Task details: Transcribe all the data below exactly, leaving its pictures out.

(Collected data entries)
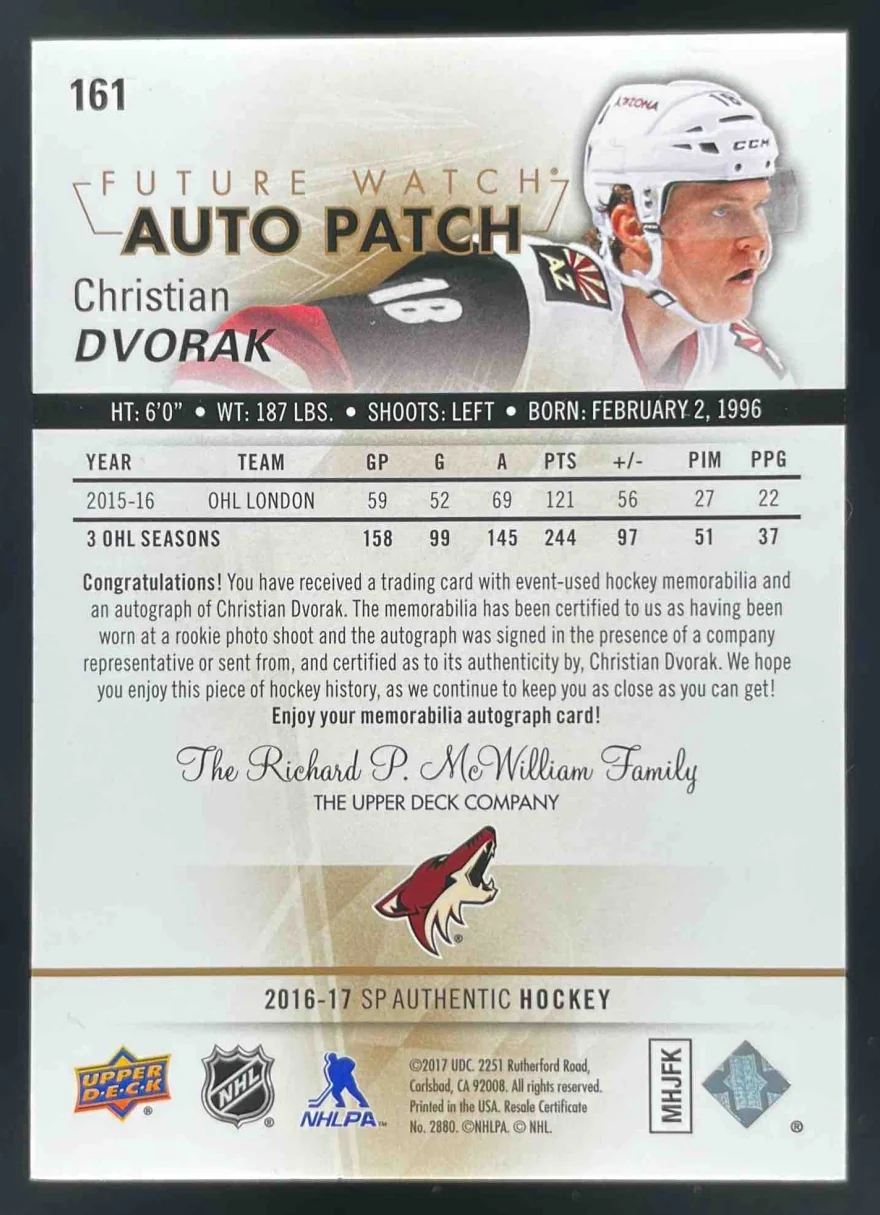 2016 SP Authentic Future Watch Auto Patches #161 Christian Dvorak RC Auto /100 - Image 2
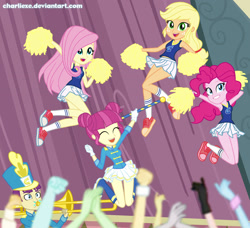Size: 1445x1320 | Tagged: safe, artist:charliexe, character:applejack, character:fluttershy, character:majorette, character:pinkie pie, character:sweeten sour, equestria girls:friendship games, g4, my little pony: equestria girls, my little pony:equestria girls, armpits, background human, boots, cheerleader, clothing, converse, cute, hatless, legs, majorette, missing accessory, pleated skirt, pom pom, shoes, skirt, skirt lift, sneakers, socks, sweeten sour, tank top, wondercolts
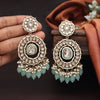 Sky Blue Color Kundan Earrings (KDE963SBLU)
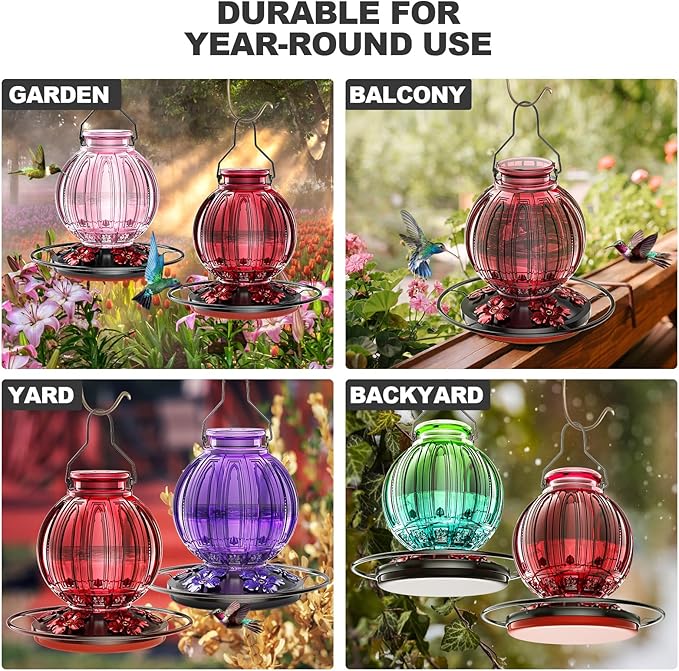 2 Pack Glass Hummingbird Feeder for Outdoors Hanging, Bird Nectar Feeder with Perch & 5 Flower Feeding Ports, 26 Oz Leak Proof for Outside Garden Decor Backyard, Gifts for Women Mom, Red & Green Blue-VerdiqueGarden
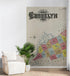 Mural de pared con mapa retro vintage de Brooklyn, Nueva York. Papel tapiz autoadhesivo con mapa de la ciudad de Nueva York de 1888. N.º 6410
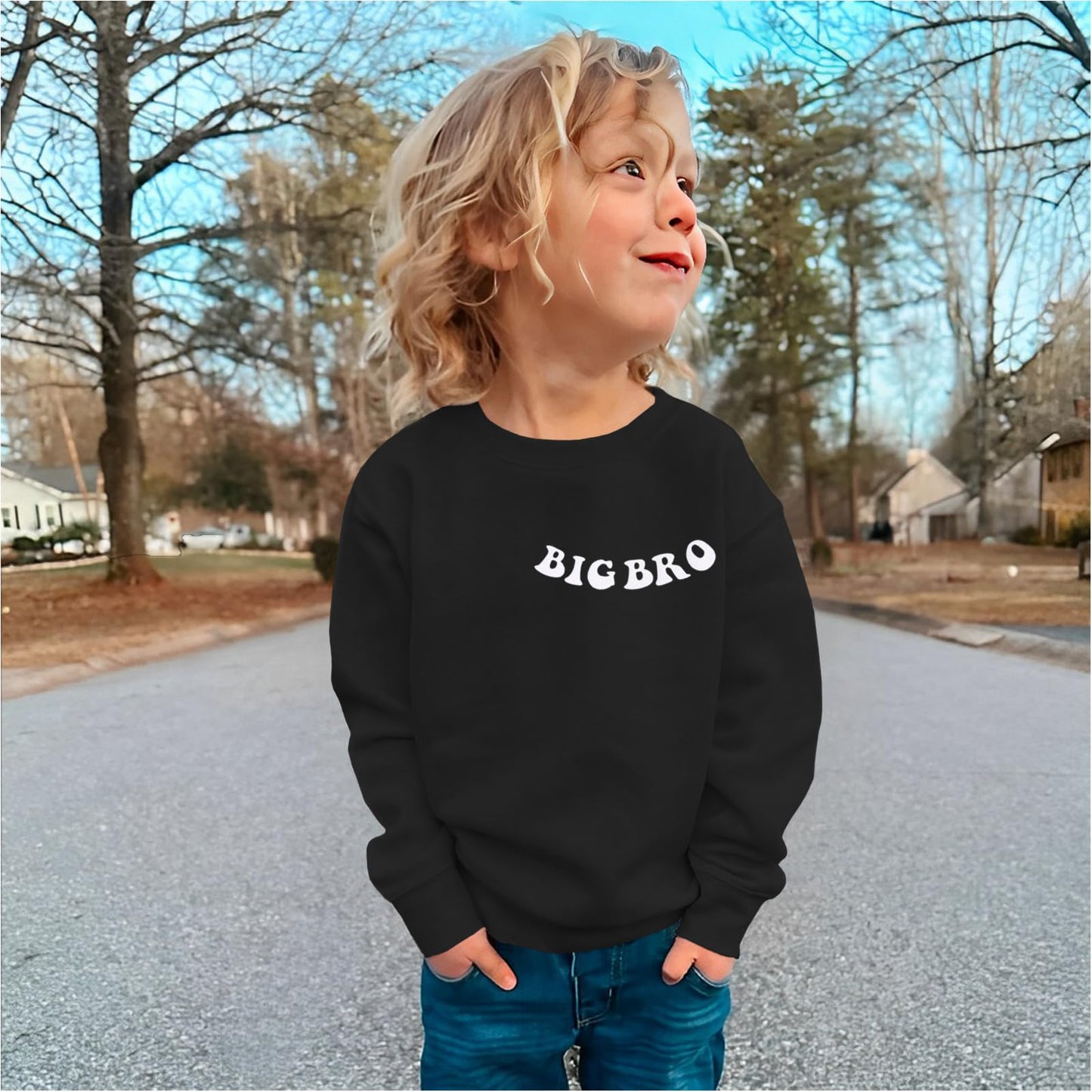Boutikome Big Brother Sweatshirt Toddler Baby Boy Cool Big Bro Club Shirts Announcement Pullover Long Sleeve Fall Tops(Black,4-5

Answer section:
 2016 SP Authentic Future Watch Auto Patches #161 Christian Dvorak RC Auto /100 - Image 2
Size: 1445x1320 | Tagged: safe, artist:charliexe, character:applejack, character:fluttershy, character:majorette, character:pinkie pie, character:sweeten sour, equestria girls:friendship games, g4, my little pony: equestria girls, my little pony:equestria girls, armpits, background human, boots, cheerleader, clothing, converse, cute, hatless, legs, majorette, missing accessory, pleated skirt, pom pom, shoes, skirt, skirt lift, sneakers, socks, sweeten sour, tank top, wondercolts
 Sky Blue Color Kundan Earrings (KDE963SBLU)
 2 Pack Glass Hummingbird Feeder for Outdoors Hanging, Bird Nectar Feeder with Perch & 5 Flower Feeding Ports, 26 Oz Leak Proof for Outside Garden Decor Backyard, Gifts for Women Mom, Red & Green Blue-VerdiqueGarden
 Mural de pared con mapa retro vintage de Brooklyn, Nueva York. Papel tapiz autoadhesivo con mapa de la ciudad de Nueva York de 1888. N.º 6410
Boutikome Big Brother Sweatshirt Toddler Baby Boy Cool Big Bro Club Shirts Announcement Pullover Long Sleeve Fall Tops(Black,4-5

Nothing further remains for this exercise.